Assignment |
Among the entries below, only the lines from the one with "Una cocina compacta" through the one with "Bearded Man Drinking" are wanted, reproduced exactly. Pictures are not wanted.

*** Given records Section Begins ***

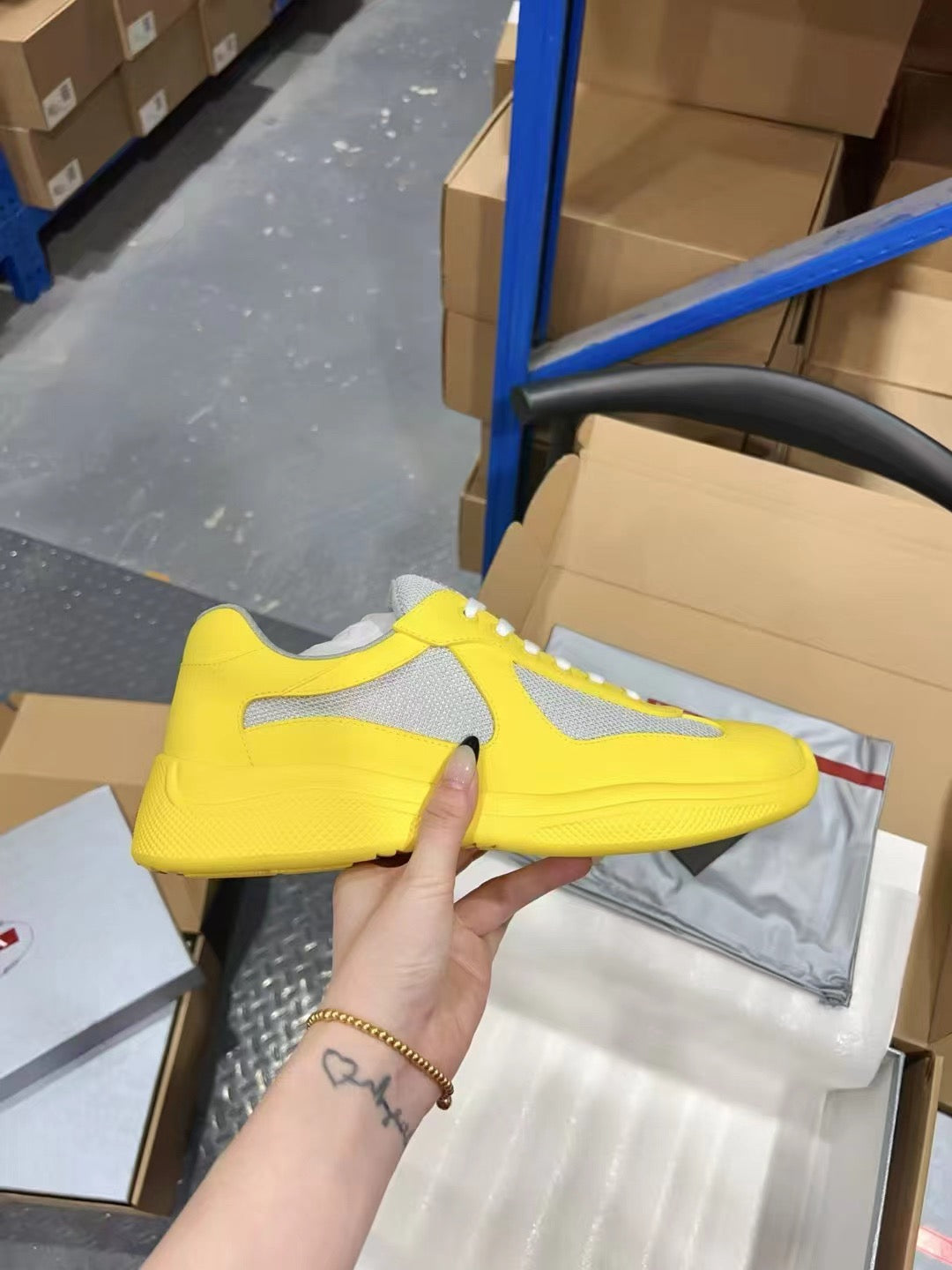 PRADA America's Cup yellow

*** Given records Section Ends ***
*** Given records Section Begins ***

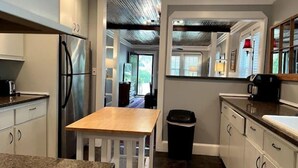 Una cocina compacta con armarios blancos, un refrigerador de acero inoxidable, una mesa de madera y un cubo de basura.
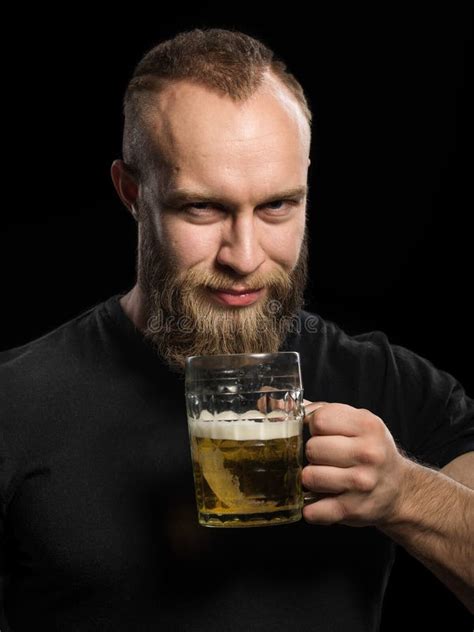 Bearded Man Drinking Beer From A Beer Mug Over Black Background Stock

*** Given records Section Ends ***

Solved problem |
 Una cocina compacta con armarios blancos, un refrigerador de acero inoxidable, una mesa de madera y un cubo de basura.
 Bearded Man Drinking Beer From A Beer Mug Over Black Background Stock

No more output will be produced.